Programming in Snowflake
There are two basic issues in writing a Snowflake program: one is to try to manipulate data in a desired way using its somewhat eclectic set of original primitives, and the other is to get the program to self-modify alongside the interpreter, such that it keeps working even after the changes. (A Snowflake program can be considered to be of a better quality if it attempts to shorten itself through changes, rather than taking the easy way out and continuously lengthening.) It should be noted that if an idiom is frequently used throughout Snowflake code, it will tend to become shorter over time as new commands are defined containing parts of it, and eventually may even reach status as a new command of the language itself. (This is intentional in the design of Snowflake.) Thus, a Snowflake interpreter that has already been used somewhat will be more useful than the original for writing new programs, in addition to simply running the program it grew up with, and will even have moulded somewhat to the personality of the programmer who uses it. However, as a result, old Snowflake programs will typically suffer from bitrot. This is another reason to attempt to write high-quality programs, besides style points; they will not only increase the chance of new commands being added (rather than replacing old ones), but be shorter and easier to update to the new version of the language. (A particularly devious program may even attempt to undo accidental "damage" to the language, by aiming to manipulate the probabilities cause particular commands to be deprecated and particular replacements to occur for them; note that this process must be automated, because attempting to produce output to let the user know which changes may be made will make it too late for the user to act on that information.) The ideal end goal, where each program is only one command long, will lead to no further changes to the language occurring, because they are unnecessary; the language will have perfected itself.
Snowflake is carefully designed such that random command drift will never make it impossible to implement something that could have been implemented in a previous version of the language. If a command gets replaced, its semantics still live on in some other command; they're combined with a different command, but that command can be reversed. So, for instance, if a new command +8
has the semantics of +2+3
and then +2
and -2
get deleted, it will still be possible to FUSE via +8-3
, which before +2
was deleted would have been +2+3-3
. This is the main design reason for making Snowflake reversible: so that just as data is never lost in a reversible language, commands are never lost if you can reverse the extra behaviour they gained. This further explains why Snowflake has no loop constructs apart from cycle boundaries (an infinite loop is not reversible), and no "eval" except for program modification at a cycle boundary (it's too easy to construct an infinite loop with one, Underload- or Muriel-style).
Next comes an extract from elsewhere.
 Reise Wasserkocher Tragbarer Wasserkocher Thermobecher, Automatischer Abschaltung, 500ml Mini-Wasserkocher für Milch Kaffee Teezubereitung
There's another reason to avoid "eval"; if a new command is formed out of LITERAL+"eval", then it can change semantics if commands inside that literal change semantics, meaning that more than one command can change at a time, and previously useful commands can suddenly become useless without warning or replacement – far from perfect for a language that's attempting to reach perfection! Instead of potentially abusable looping constructs, FORK/SPOON are available as an interesting command that still allows commands to operate on all elements of a list, a very loop-like construct that nonetheless cannot go infinite. The command set in general is constructed to make it reasonably easy (but not too easy!) to write a Snowflake program to repair itself as the interpreter changes (in particular, it aims to make it possible to write a self-repair that runs in one cycle, which is why a FORK-like looping construct was required; FUSE/DEFUSE are also required for this purpose, because otherwise the program can't lengthen itself quickly enough to keep up).
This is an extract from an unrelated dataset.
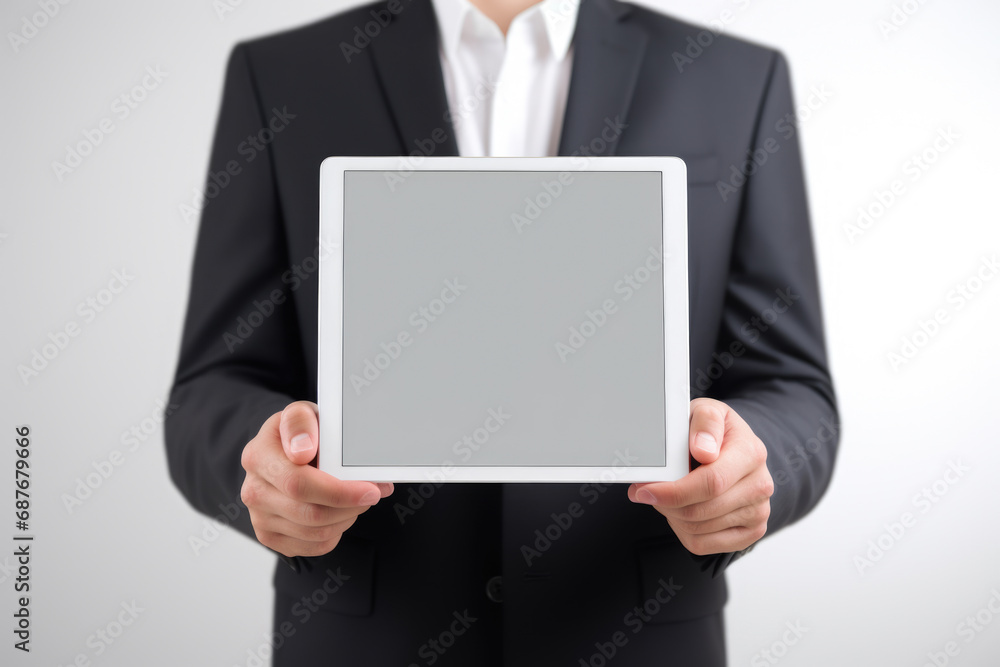 Poster man in suit holding tablet computer. perfect for business and technology concepts.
There are various problems merely trying to use the primitives, too. Probably the biggest is that it is quite easy to construct operations which will work on most data, but fail on a small subset. For instance, trying to swap the top two stack elements using only SUMMON/BANISH simply doesn't work. It's easy if you add in LITERAL/ILLITERAL too (to create temporaries that can later be removed again), except if there's a specific value within the top two stack elements; then, you end up popping it by mistake, messing up which elements get manipulated. The obvious solution is to designate certain values that should never appear on the stack, and use those as the temporaries (-0
is a reasonably obvious choice, given that it's not useful in a program and won't ever be added to the stack during a cycle transition, although it is probably also a suboptimal choice due to its inverse +0
appearing pretty much everywhere); the problem is that such values may nonetheless end up appearing as the program attempts to self-manipulate to adapt to changes in the commands, because they tend to have to appear in the program in order to do their jobs. One solution that may be very effective is to attempt to get commands that push and pop them into the Snowflake vocabulary very early, without making them overwrite another command to do so; that way, there will be no need to mention them in order to be able to use them. That one change to the language seems to be a very high-priority change to aim for, because it makes things like a reliable swap idiom possible. The reason that there isn't a swap command in the language is actually precisely to discourage continuously working from a backup of a new interpreter, rather than aiming to produce an interpreter/program pair for a particular program. (Writing programs for new Snowflake interpreters is still interesting, though, especially when attempting to determine its computational class.)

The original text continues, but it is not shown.